Ok, that was amazing.
...and I really don't know how to follow that up other than with a humongous thank you from the bottom of my heart.
Well, maybe just a couple of clarifications:
- The Dream was my first album (is it really an album tho? lol) I created under the Planktons Odyssey name and it was created over a decade ago in 2009. Krill was immediately after in 2012, then Whale in around 2014.
- The piano piece was a Zakk Wylde backing track. I'd love to have a full band at my disposal but thats usually too much drama. Ask me how I know this.
- No flutes or synths were used. Every note played was from my newly acquired at the time Paul Reed Smith SE through a Zoom GFX8. It's still my #1 guitar to this day.
- This was meant to be an EP, or kind of a demo. I figured you've reviewed most of my other works, so this would help to fill in any gaps and give a sense of how things had started and then progressed. Longer songs, bigger production, etc..
99.9% of the music I've made over the years is done as experimental practice with the record button pressed. It's never preconceived and is normally done using layered first takes with maybe a punch in fill here and there. Chalk it up to laziness, or maybe I'm trying to capture a stream of consciousness type of flow, but I've never sat down to actually write a piece out before consciously deciding to record it. It's always been in the back of my mind that I've always wanted to properly write and record an entire album, and I aint gettin no younger, so I need to knuckle down and do something before my fingers won't allow me to anymore. I put the guitars down a few years back to change over to something that would keep me healthier, which as you probably know is disc golfing. I've always been concerned with staying fit and sitting around plucking a guitar doesn't really facilitate that too well, but I think in the next year or two I'll more than likely hang up the discs for a while and try to follow my heart with at least one last hurrah. I mean, spending most of my life perfecting something just to let it all go seems a bit sad, pointless, and an exercise in futility.
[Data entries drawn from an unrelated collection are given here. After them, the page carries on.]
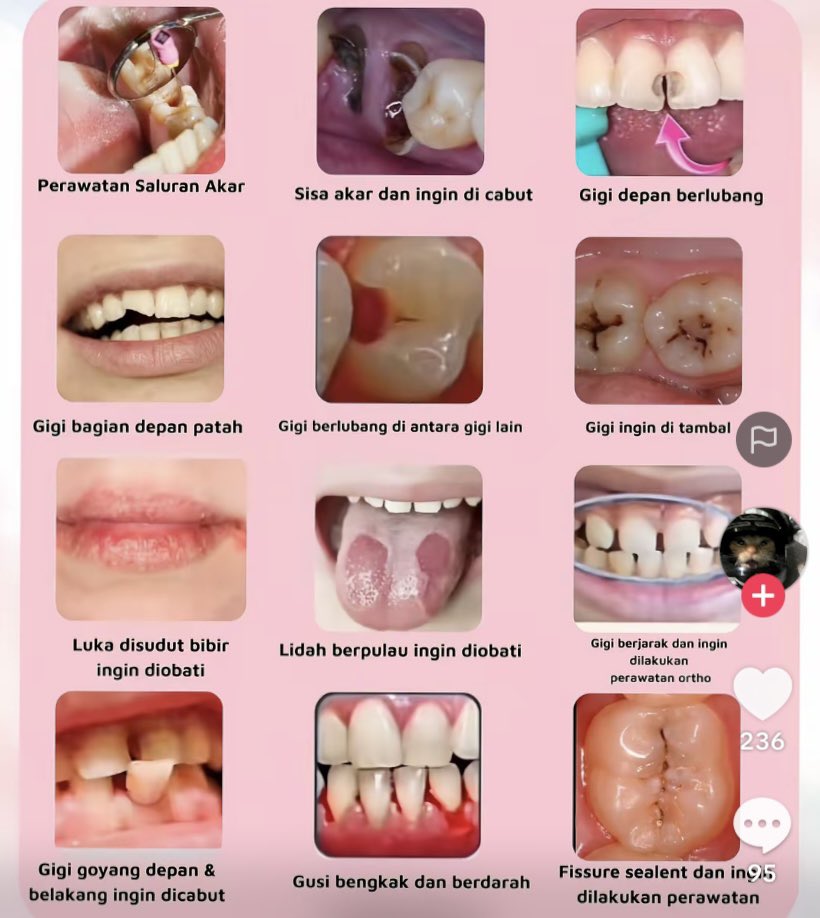 herastroo's tweet photo. Halo temen temen dom daerah denpasar dan sekitarnya, yang merasa dirinya/kenalan/saudara punya keluhan seperti di gambar ini boleh banget dm aku yaa 
terutama yg punya keluhan gigi hilang satu dan ingin dibuatkan gigi palsu boleh bgt dm aku🙌🥰
#koasgigi #denpasar #bali #zonauang https://t.co/KtF1rGckd7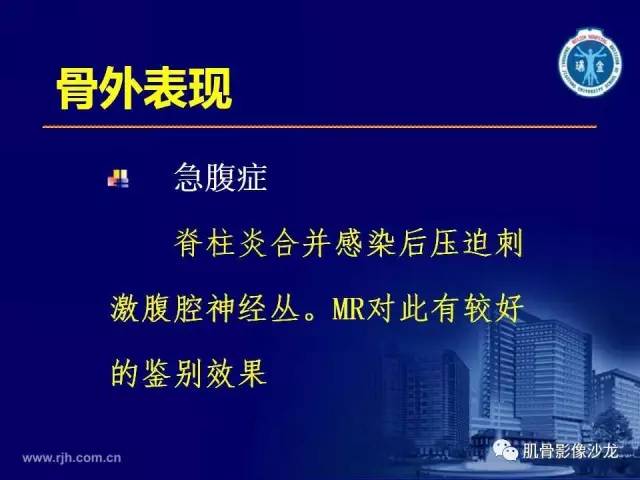【PPT】强直性脊柱炎的影像学诊断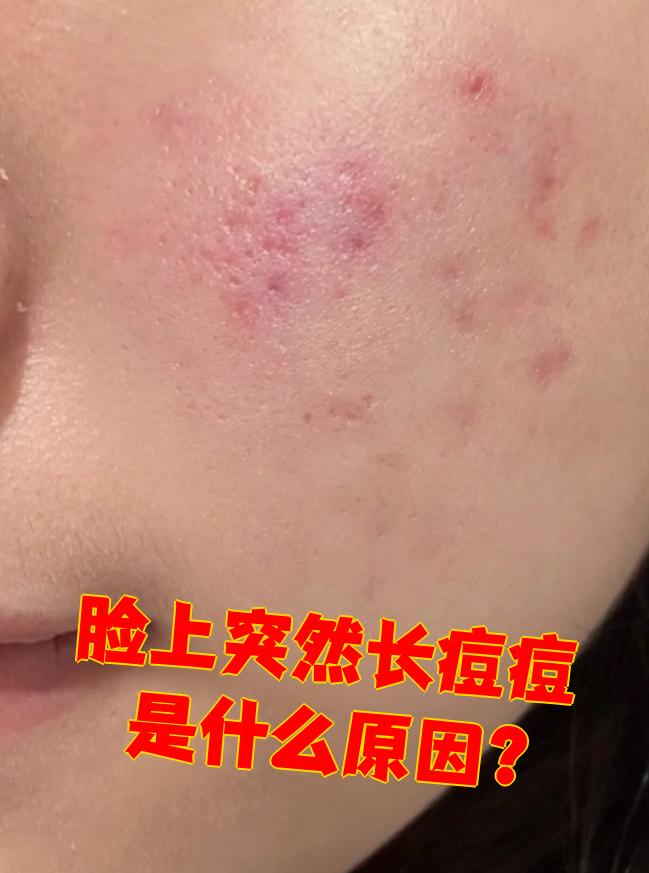 熬夜为什么会长痘痘为什么在线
I need to get it done, and soon.
Again, I can't thank you enough for taking the time to listen, Troll my friend. Your writing style, the lead-in story, the full review, all of it. I was sitting here reading it last night with a big huge grin on my face. I hope that clarifying why it was such a short piece resolves any of the issues you may have had with it. Ultimately though, this all really fuels the fire to create more.